Judith Ann Morris (born 17 February 1947) is an Australian character actress, as well as a film director and screenwriter, well known for the variety of roles she played in 58 different television shows and films, starting her career as a child actress and appearing on screen until 1999, since then she has worked on film writing and directing, most recently for co-writing and co-directing a musical epic about the life of penguins in Antarctica which became Happy Feet, Australia's largest animated film project to date.

==Early career==
Morris's first role came at the age of 10 when she was part of the cast of the television episode "Picture of the Magi" a Family Theater production which aired about 1957 on the Mutual Broadcasting System in the United States.
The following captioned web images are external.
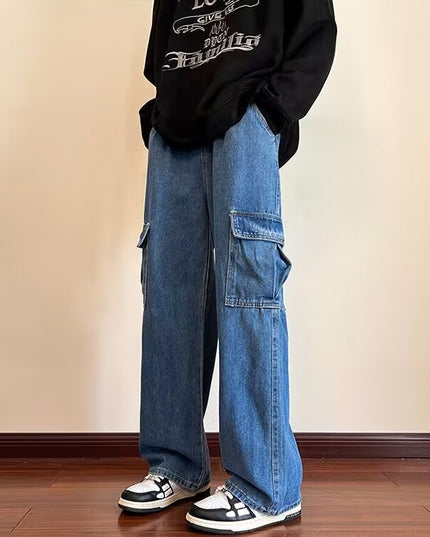 American High Street Fashionable Fashion Wide-leg Men's Loose Lace-up Jeans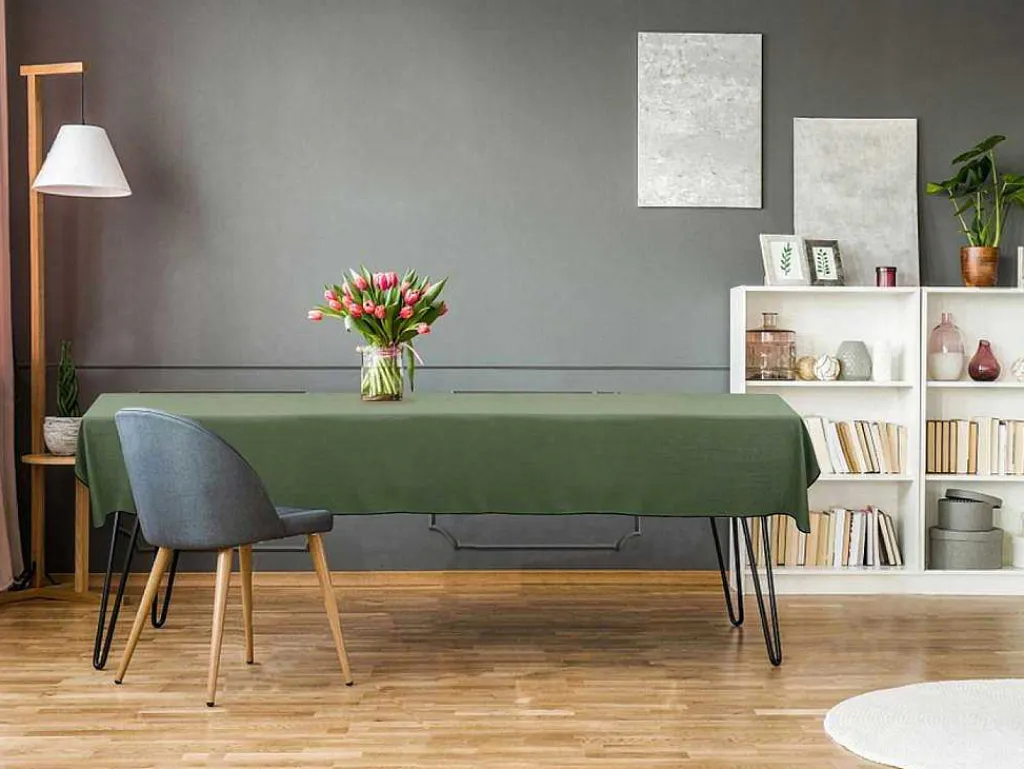 Set Van Tafellaken + 4 Servetten Van Linnen En Katoen - Zwarte Rand - Kaki - 170 X 300 Cm - Borina-OZAIA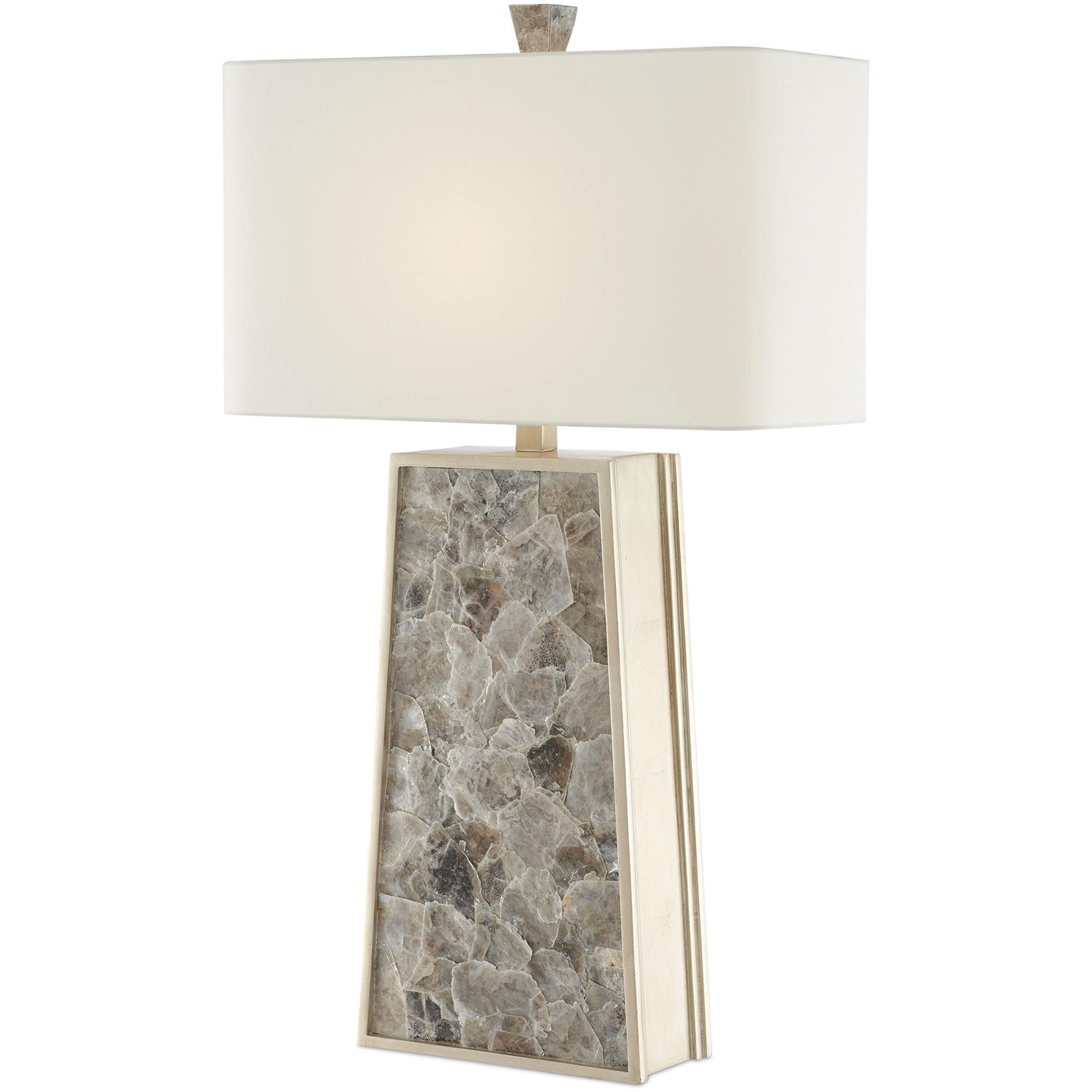 Calloway 33 inch 150 watt Natural and Silver Leaf Table Lamp Portable Light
She then performed in two other roles in the US, at the age of 10 on the Loretta Young Show, and in 1960, at the age of 13, on The Chevy Mystery Show hosted on that occasion by Vincent Price.

==Career==
Returning to Australia, Morris's next role was not to come until she reached the age of 20 when, in 1967, she worked on the ABC television series, Bellbird. Impressing casting agents, she was cast in numerous well known television series, including seven episodes of Division 4, four episodes of Matlock Police and three episodes of Homicide, Over There (24 episodes) and Certain Women (26 episodes).

In 1970, she starred in the portmanteau film 3 to Go. During this time she also moved to more provocative (for its time) television, especially in the sexually charged series Alvin Purple, and then under the direction of Tim Burstall as Sybil the babysitter in Libido: The Child (one of four parts of a portmanteau film that showed various aspects of human sexuality). In her role, Morris awakens the sexuality of the boy that she is babysitting. For her part, Morris won the 1973 Australian Film Industry (AFI) Best Actress in a Lead Role. Morris then played the part of Sam in the 1978 movie In Search of Anna, before receiving top billing as the wife Jill Cowper in the 1979 black comedy The Plumber, which began its life as a small 6 week television series directed by Peter Weir, but following its success was produced as a DVD titled The Mad Plumber.

The 1980s brought further success. She starred in Maybe This Time (1980), Strata (1983), Phar Lap (1983) as Bea Davis, the wife of Phar Lap's owner David J. Davis, and played the part of Catherine Faulkner, the mother of the main character, Kat Stanton, (played by Nicole Kidman) in Bangkok Hilton (1989). In 1986 Morris was cast as Margaret 'Meg' Stenning in the miniseries The Last Frontier, which also starred Jason Robards as her father Edward Stenning, fellow Australian Jack Thompson as her brother, the black sheep of the family, Nick Stenning, and American actress Linda Evans as Kate Adamson-Hannon. During and after this work she also played the role of Liz Beare, the daughter-in-law of Maggie Beare (played by Ruth Cracknell) in the series Mother and Son, which ran from 1984 to 1994. She also starred as an American photographer in Ozploitation film Razorback.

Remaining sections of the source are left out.